***** Data provided *****

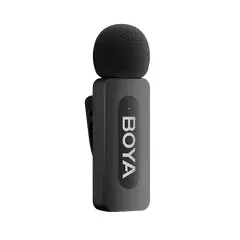 3 - Портативный записывающий микрофон Boya BY-V3 Combo, Беспроводной, Черный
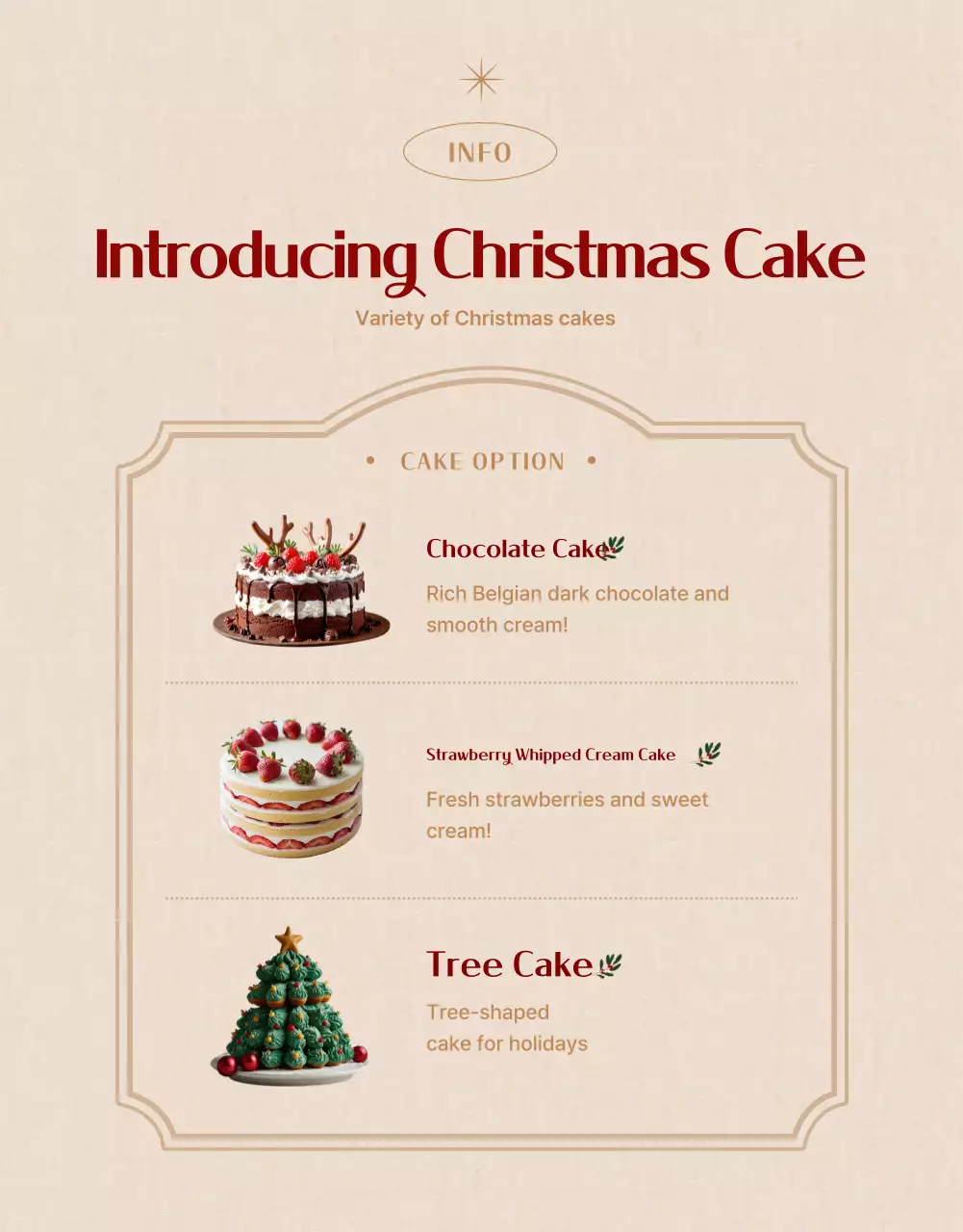 Red Traditional Christmas Promotion Poster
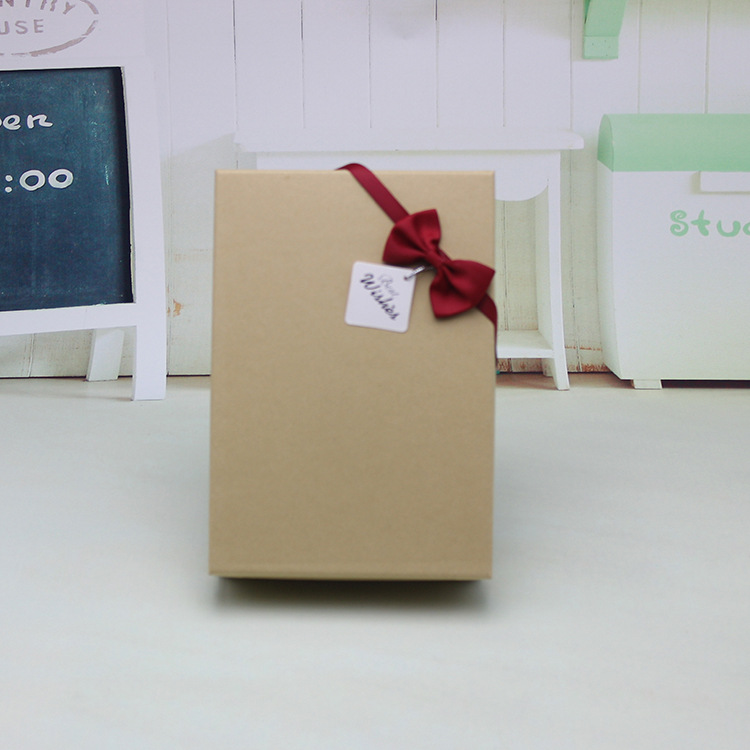 Gift Packing Box Simple Korean Style Rectangular Large Gift Box Exquisite Creative Birthday Gift Clothes Packaging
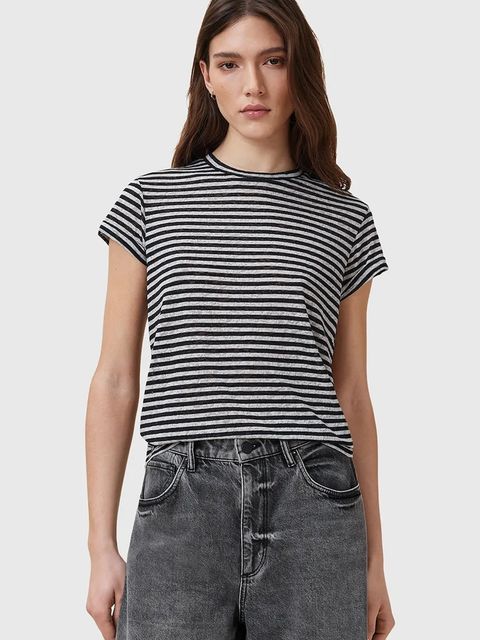 AllSaints t-shirt bawełniany ANNA damskie kolor czarny W007JY - zdjęcie produktu nr 1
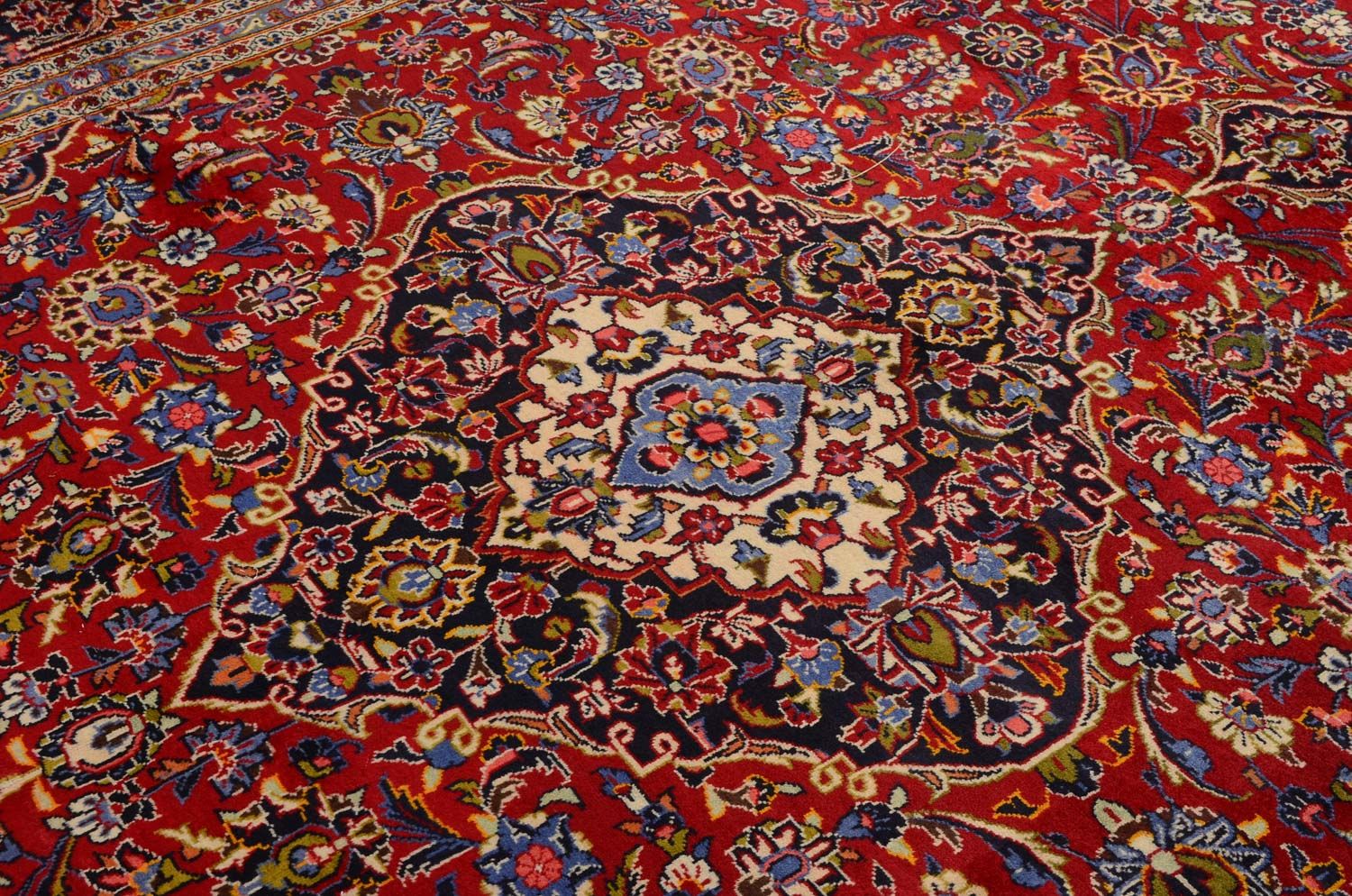 Perserteppich - Keshan 400 x 291 cm - rot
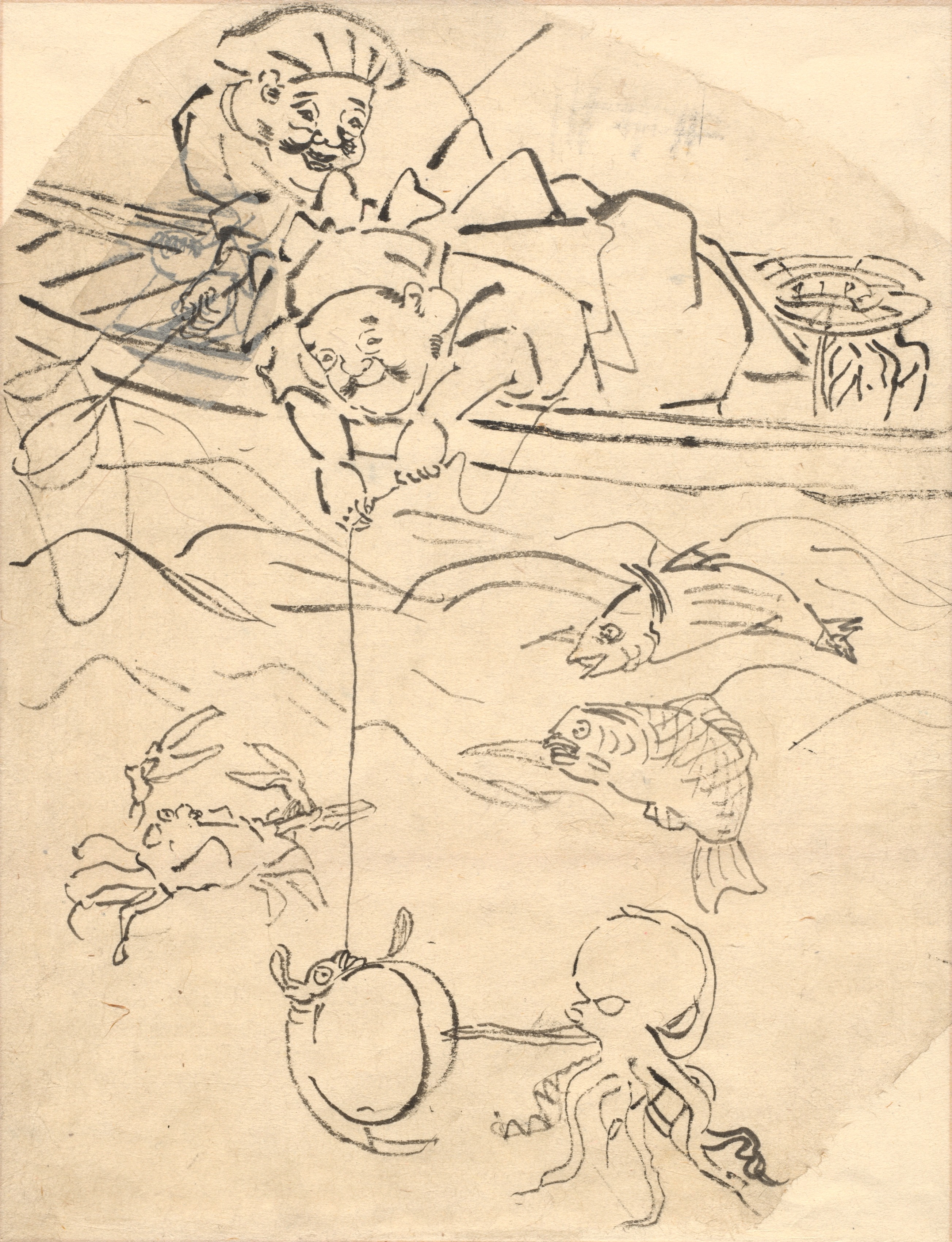 Utagawa Kuniyoshi, Daikoku and Ebisu, Two of the Seven Gods of Happiness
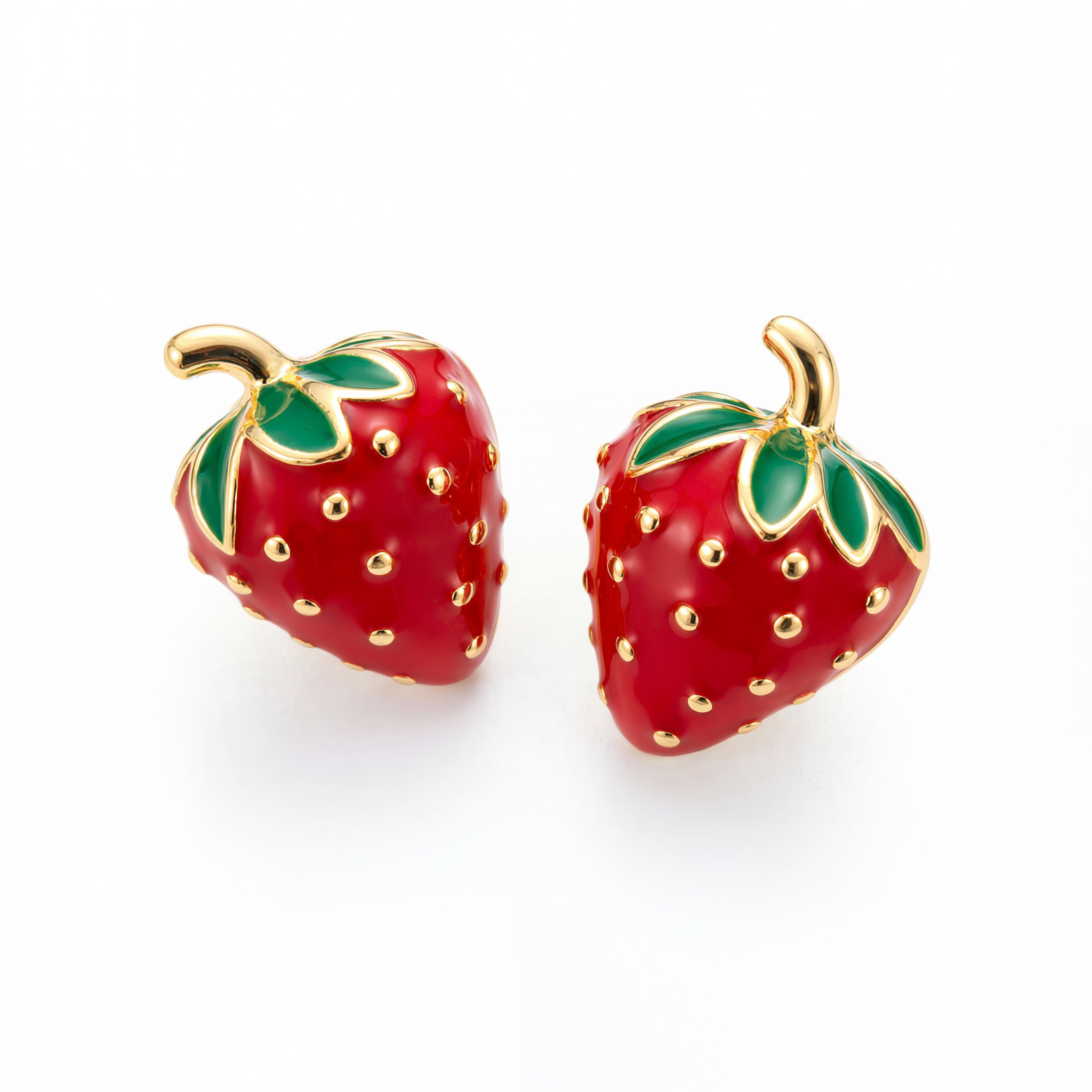 Mini Strawberry Earrings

*****

**Task directions:**
From the line containing "Red Traditional Christmas Promotion Poster" to the last line of the records above, return each line exactly, both ends included, and nothing more. Leave out the pictures.

**Solved problem:**
 Red Traditional Christmas Promotion Poster
 Gift Packing Box Simple Korean Style Rectangular Large Gift Box Exquisite Creative Birthday Gift Clothes Packaging
 AllSaints t-shirt bawełniany ANNA damskie kolor czarny W007JY - zdjęcie produktu nr 1
 Perserteppich - Keshan 400 x 291 cm - rot
 Utagawa Kuniyoshi, Daikoku and Ebisu, Two of the Seven Gods of Happiness
 Mini Strawberry Earrings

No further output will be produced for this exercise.